The war could never be separated from domestic politics and the restoration of peace brought them to the surface. The peace treaty had to be submitted to the Senate for ratification, and that set off a confrontation into which Wilson threw his heart and soul and, ultimately, his health in an unsuccessful appeal to the people to demand ratification of the treaty. Demobilization drove millions of men back into the workforce right as the nation was facing rising demands by women for suffrage and other Progressive Era reforms. Throughout and after the war the civil rights of Americans were debated and, by the standards of later days, abridged for German-Americans and those suspected of Bolshevik leanings. Race riots erupted in cities across the land. Finally, all must be submitted to the people, and the Democratic ticket of 1920, which gave some support to Wilson's postwar program, suffered a crushing defeat that was taken as a repudiation of his stewardship of the White House.

I found Woodrow Wilson & World War I to provide insights into America's involvement in the war and Wilson's role in it that I had not gathered in other reading. I had never read that submariners who survived a depth charge attack were shell shocked for days to the point that they could not function effectively.
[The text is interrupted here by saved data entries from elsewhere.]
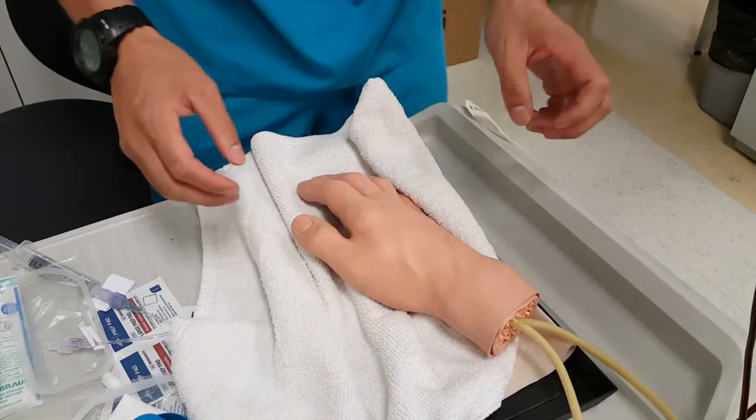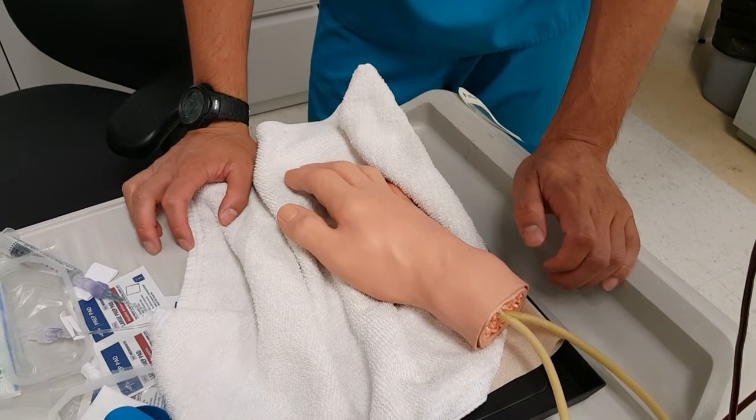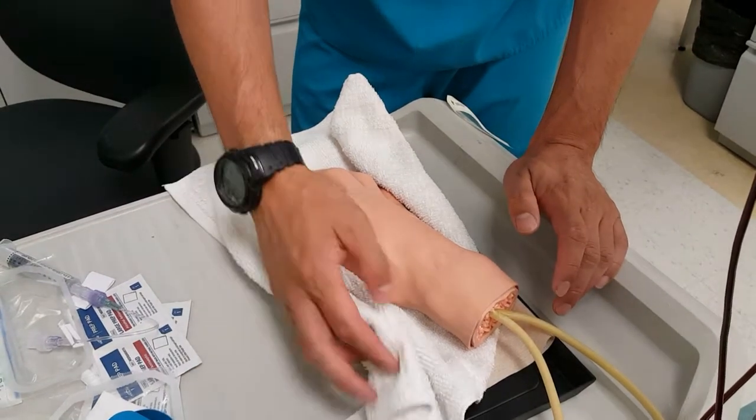The patient might ask you: is this going to hurt? I highly recommend not lying to the patient. You can tell them it's going to hurt a little bit or they might feel a pinch, but afterwards there should be no pain.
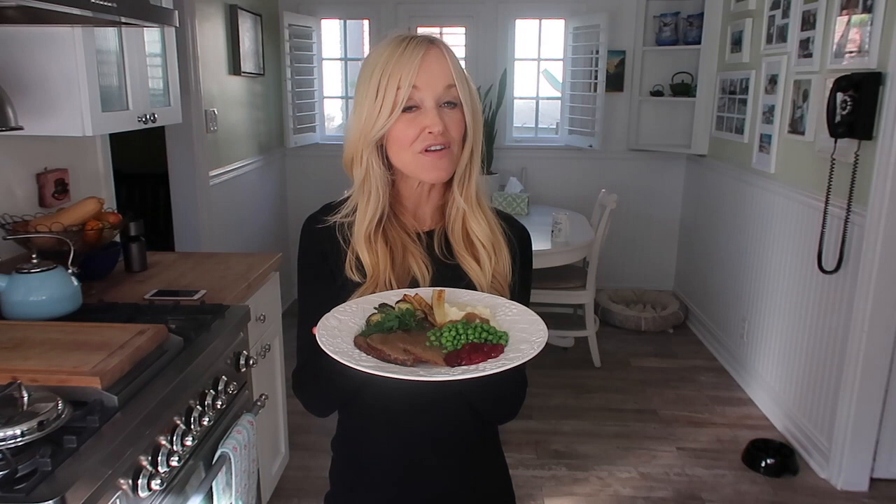Hi my friends! I'm going to show you right now how to make the most delicious completely vegan Thanksgiving meal that you're gonna love — but also your family, your friends, even full-on carnivores are going to love.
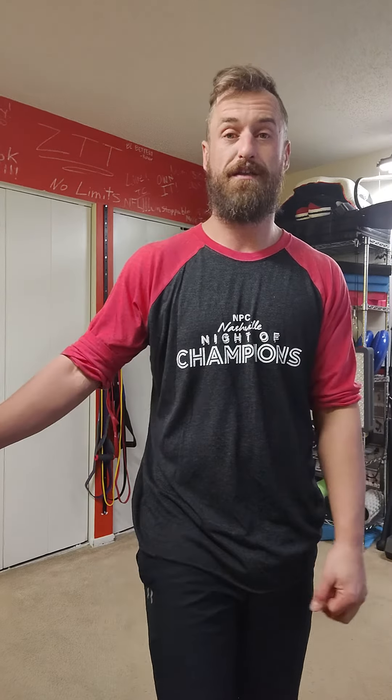If you want to learn how to do things correctly, like me and my team in the gym, so you don't get injured or you correct existing injuries, contact me at zeptrainers.com.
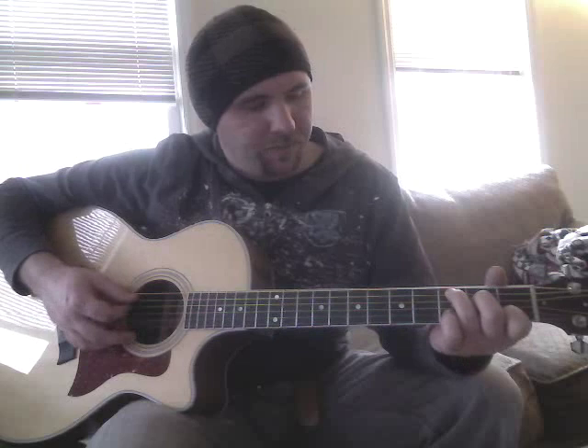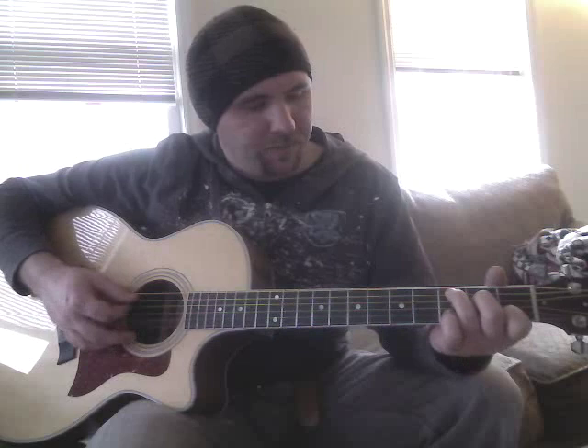So it starts off with the chorus — the intro chorus. From there you're going to go to the verse chords, which are A minor, E minor, E minor, and then the F and the G.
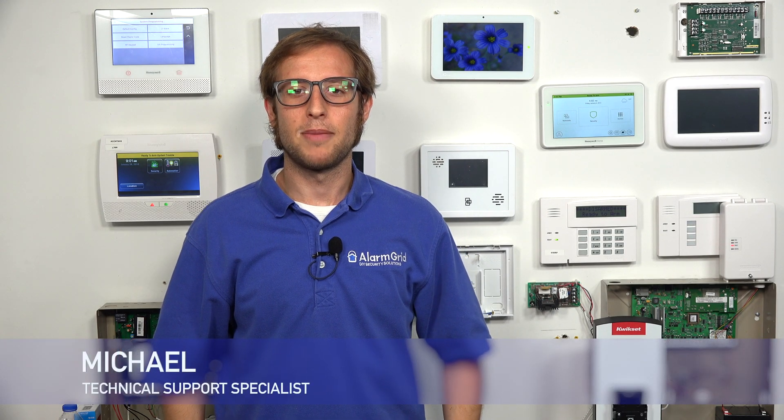Hi, DIYers. This is Michael from Alarm Grid. And today, I'm going to be showing you how to get into Z-Wave programming on a Resideo Tuxedo keypad, also known as the Honeywell Home Tuxedo keypad.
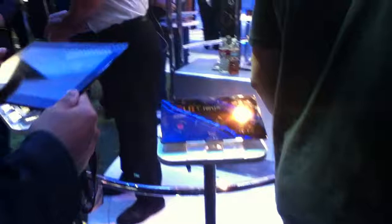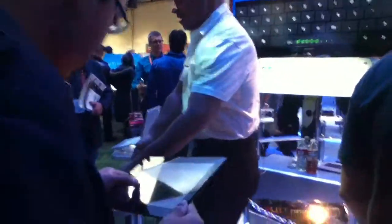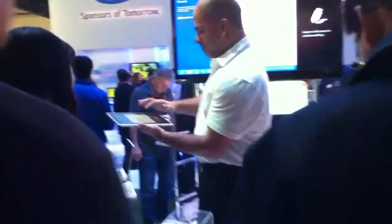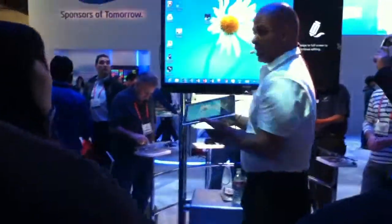And also, when you're ready, you can take it and put it on the keyboard, so you can use it as a computer too. If you like the traditional desktop, you have the desktop. You can use it as a full computer.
Americans were urged to voluntarily endure meatless and wheatless days and clean their plates. This book was originally copyrighted in 1985, so it does reflect the judgment of a different time, a time when the war was still a living memory for some. Wisdom was not invented in the 21st century. A balanced appreciation of history requires a distillation of many viewpoints gathered by historians over a span of time. This book has much to add to our understanding of its subject.

James M. Gallen

1 comment:

  1. "the place of the Bolshevik government of Russia in the new world order" - the place being one of ostracism, civil war funded in part by the Allies, and the occasional invasion?